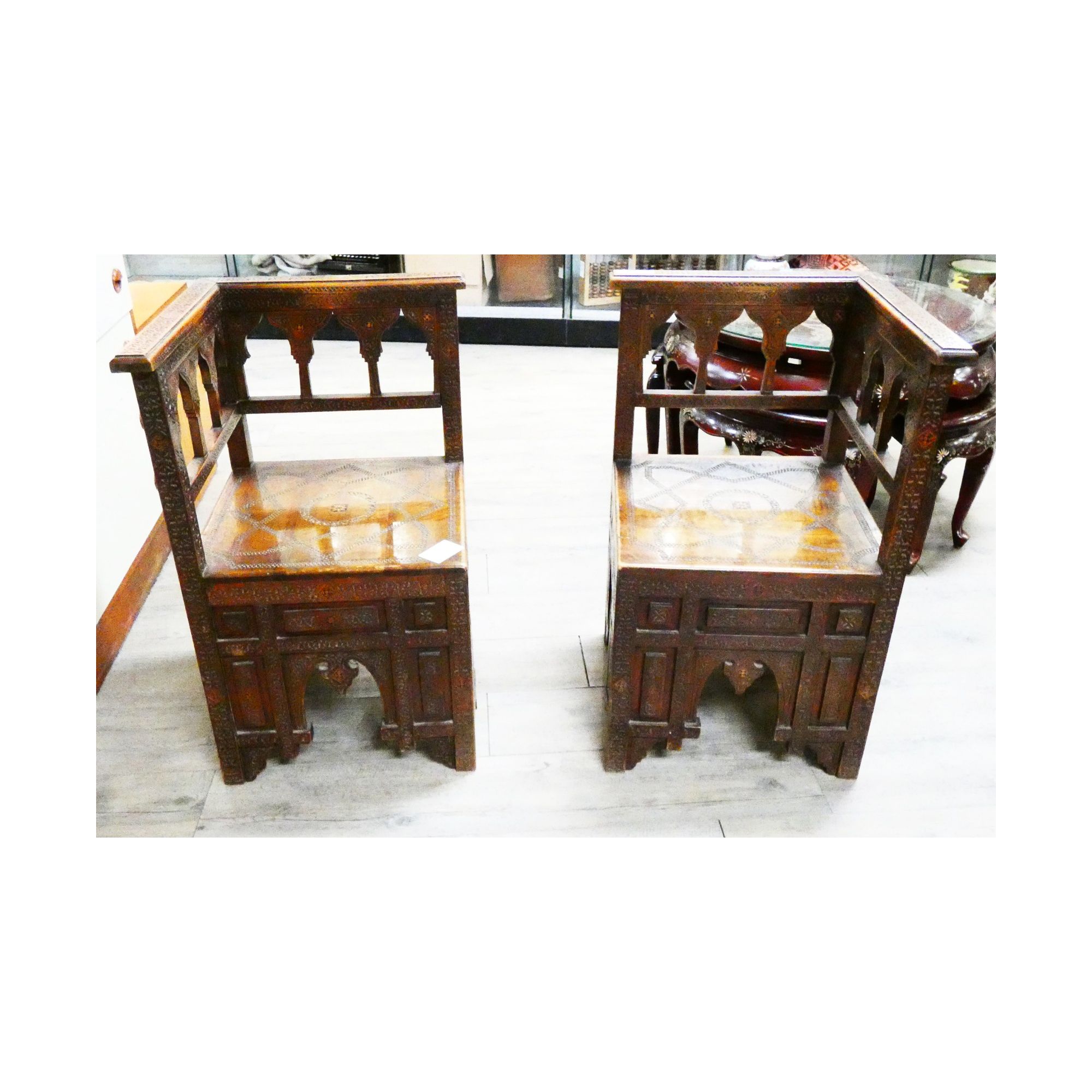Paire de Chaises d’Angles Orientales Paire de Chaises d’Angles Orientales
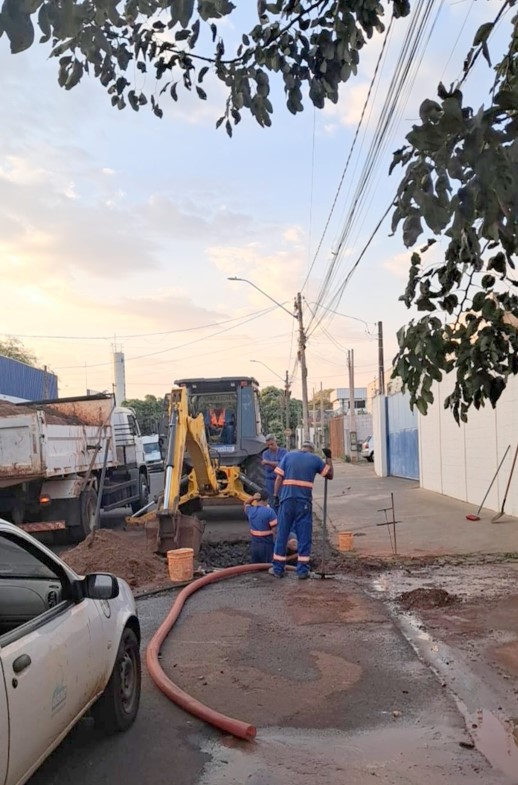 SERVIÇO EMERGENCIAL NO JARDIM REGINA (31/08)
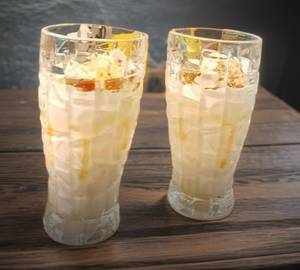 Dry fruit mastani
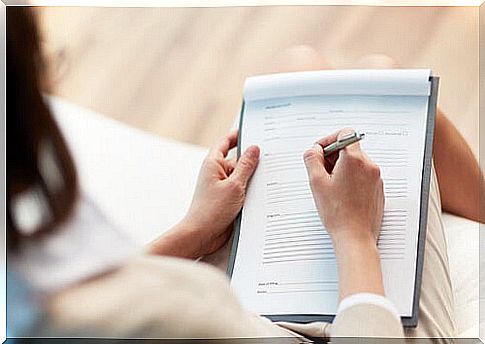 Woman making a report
==========
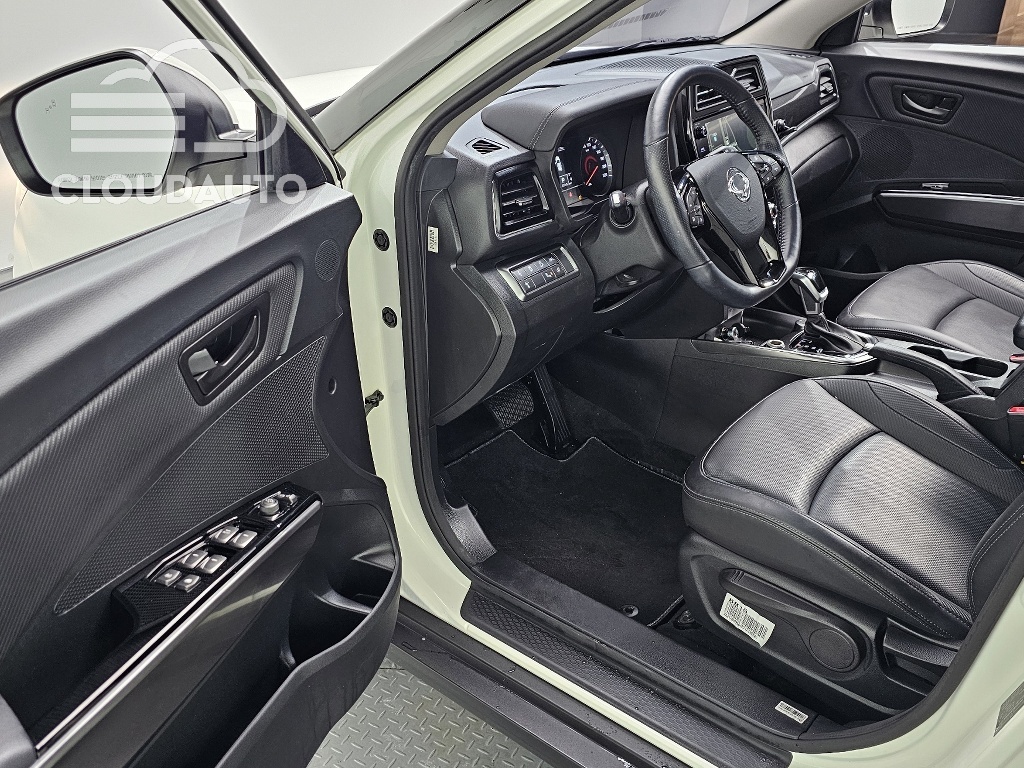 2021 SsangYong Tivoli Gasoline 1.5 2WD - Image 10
==========
== PROBLEM TO SOLVE ==
Using the data above, print only the lines starting at the one with "SERVIÇO EMERGENCIAL NO JARDIM REGINA (31/08)" and ending at the one with "Woman making a report", exactly as they stand, minus the pictures.

== RESULT FOR THIS EXERCISE ==
 SERVIÇO EMERGENCIAL NO JARDIM REGINA (31/08)
 Dry fruit mastani
 Woman making a report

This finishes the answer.